(PROVIDED DATA begins)

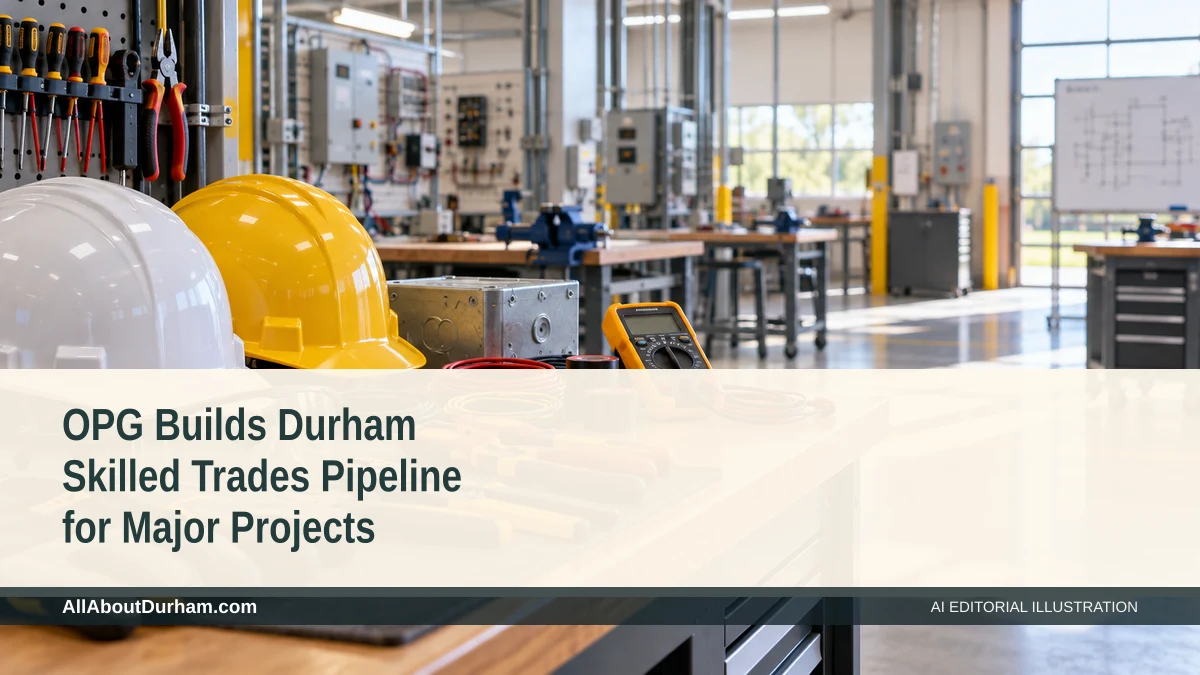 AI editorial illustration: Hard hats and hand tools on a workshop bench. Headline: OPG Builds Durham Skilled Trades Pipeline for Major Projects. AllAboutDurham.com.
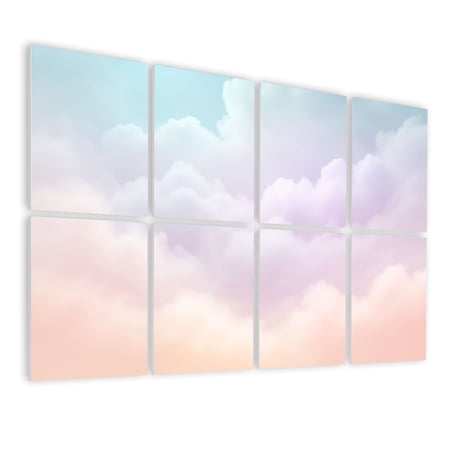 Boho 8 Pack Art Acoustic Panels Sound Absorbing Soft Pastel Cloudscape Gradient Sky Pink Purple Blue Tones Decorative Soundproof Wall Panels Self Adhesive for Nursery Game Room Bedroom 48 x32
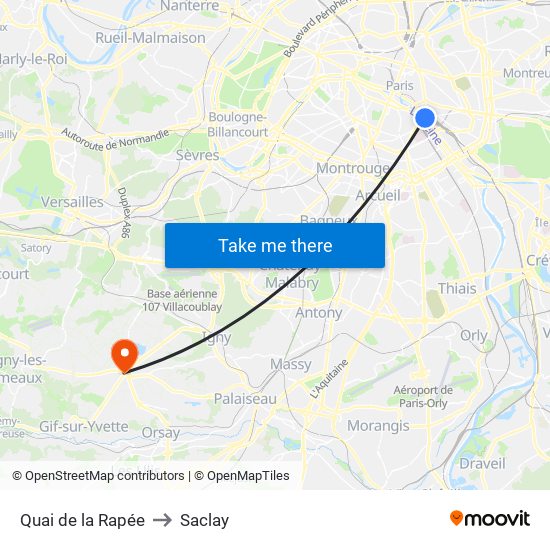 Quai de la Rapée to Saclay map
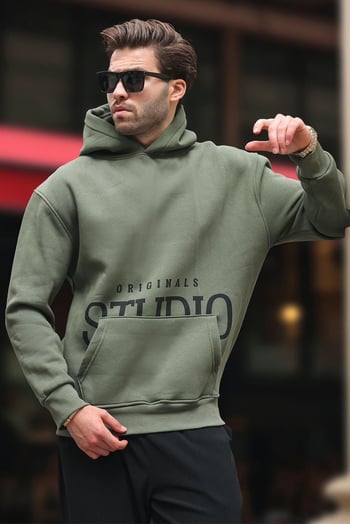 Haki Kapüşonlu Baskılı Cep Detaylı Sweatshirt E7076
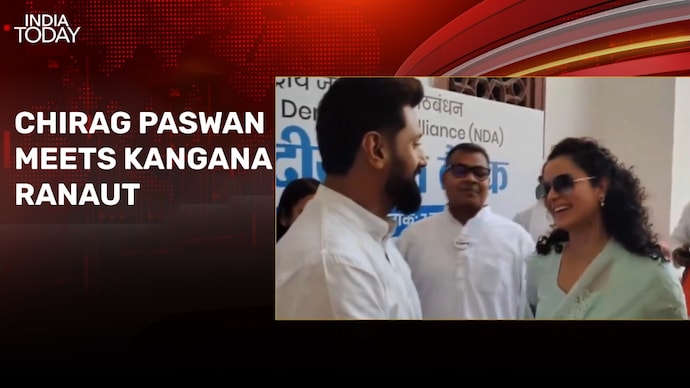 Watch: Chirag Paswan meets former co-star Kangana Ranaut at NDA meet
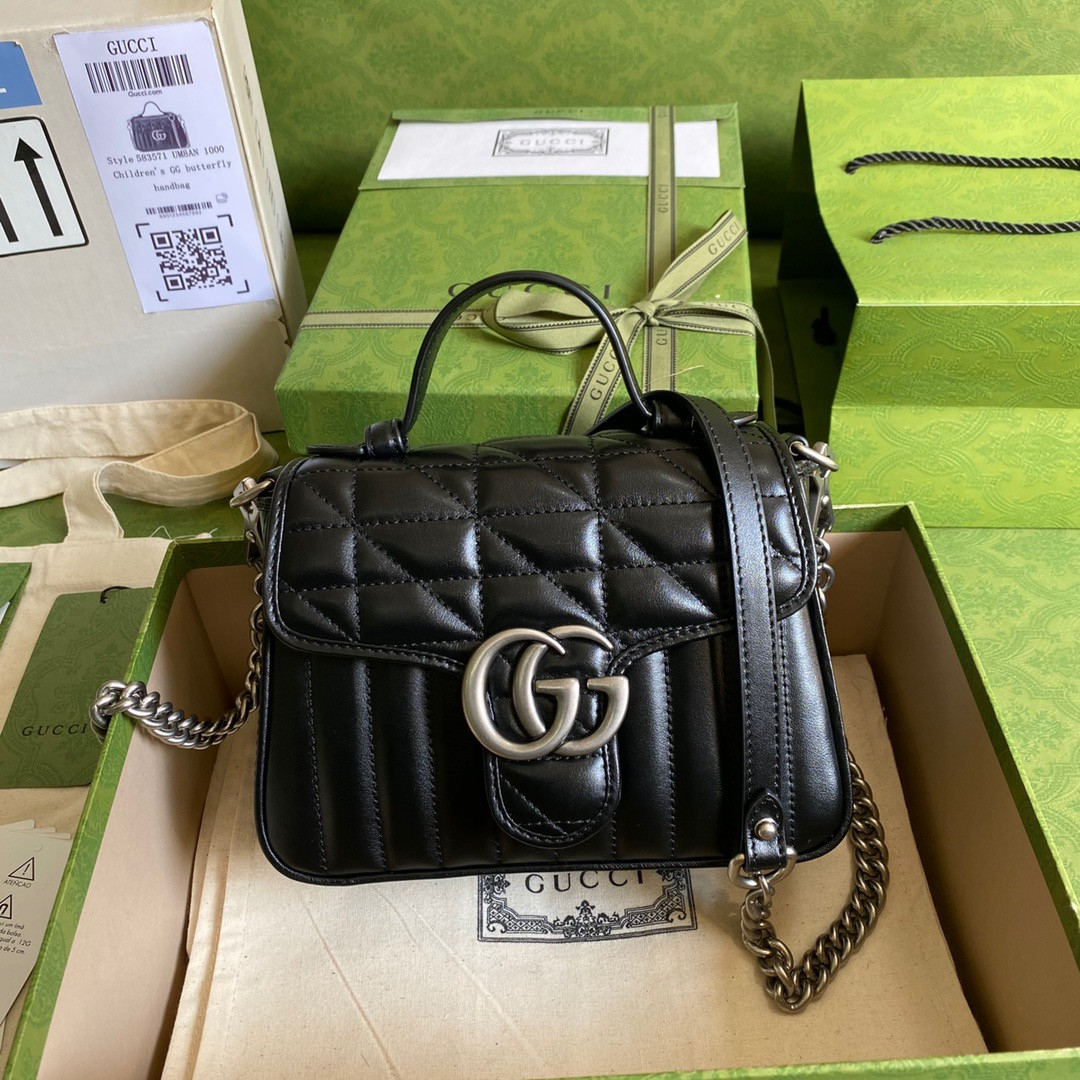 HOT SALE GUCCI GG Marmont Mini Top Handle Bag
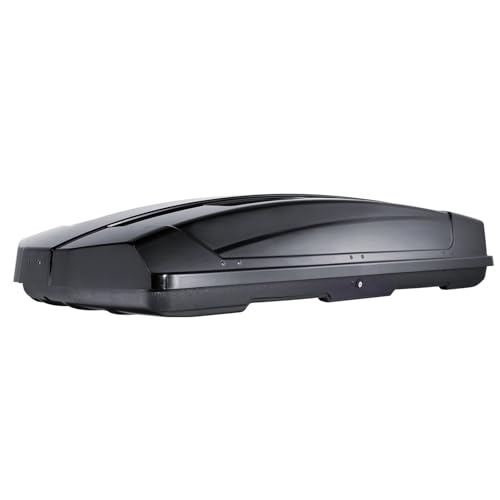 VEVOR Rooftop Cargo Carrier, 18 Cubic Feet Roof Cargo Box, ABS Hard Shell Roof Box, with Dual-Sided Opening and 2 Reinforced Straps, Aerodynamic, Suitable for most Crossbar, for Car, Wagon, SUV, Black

(PROVIDED DATA ends)
(PROVIDED DATA begins)

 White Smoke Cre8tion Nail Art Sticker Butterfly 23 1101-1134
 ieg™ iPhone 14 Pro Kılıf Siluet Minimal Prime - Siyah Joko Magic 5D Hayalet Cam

(PROVIDED DATA ends)

_EXERCISE PROMPT_
Go back to the lines above and output, exactly as they stand, the ones from the line containing "Watch: Chirag Paswan" to the line containing "VEVOR Rooftop Cargo". Leave all pictures behind.

_SOLUTION_
 Watch: Chirag Paswan meets former co-star Kangana Ranaut at NDA meet
 HOT SALE GUCCI GG Marmont Mini Top Handle Bag
 VEVOR Rooftop Cargo Carrier, 18 Cubic Feet Roof Cargo Box, ABS Hard Shell Roof Box, with Dual-Sided Opening and 2 Reinforced Straps, Aerodynamic, Suitable for most Crossbar, for Car, Wagon, SUV, Black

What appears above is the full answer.